• _Exercise_: When you reach the line that contains "купить Корпус (держатель)", begin copying exactly, and continue through the last line of the data; no pictures belong in the copy.

• _Data shown_:
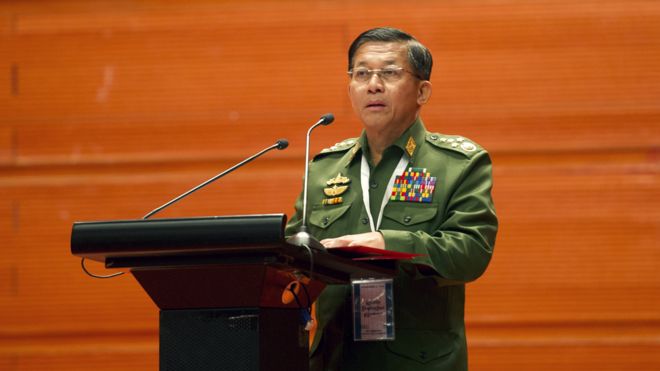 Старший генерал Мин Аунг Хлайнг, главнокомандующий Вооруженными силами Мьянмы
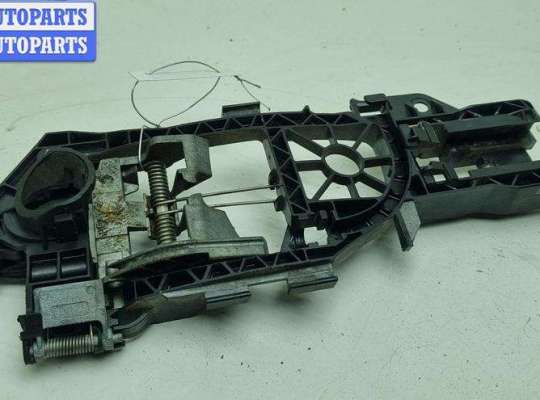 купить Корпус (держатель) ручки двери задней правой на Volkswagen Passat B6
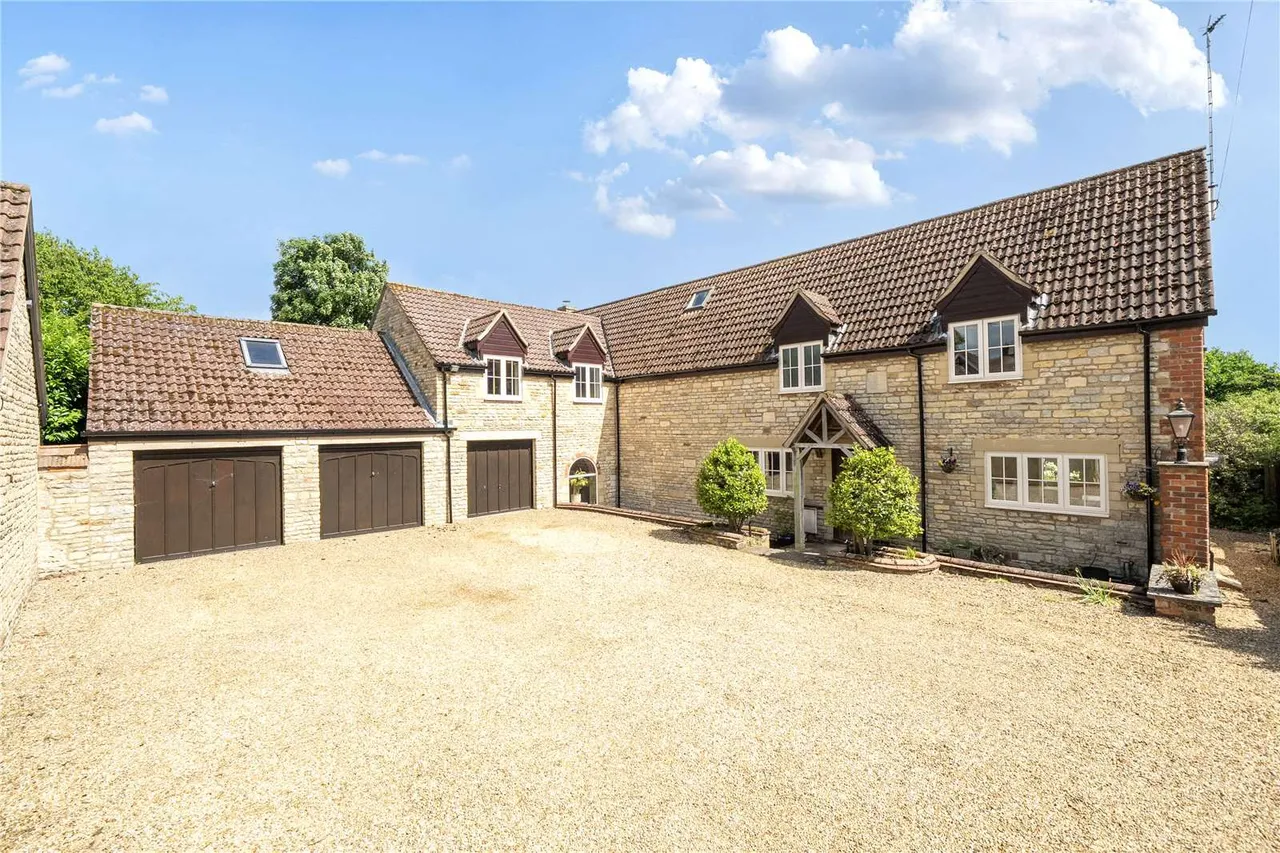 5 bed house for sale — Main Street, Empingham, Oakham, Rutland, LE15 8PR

• _Your response_:
 купить Корпус (держатель) ручки двери задней правой на Volkswagen Passat B6
 5 bed house for sale — Main Street, Empingham, Oakham, Rutland, LE15 8PR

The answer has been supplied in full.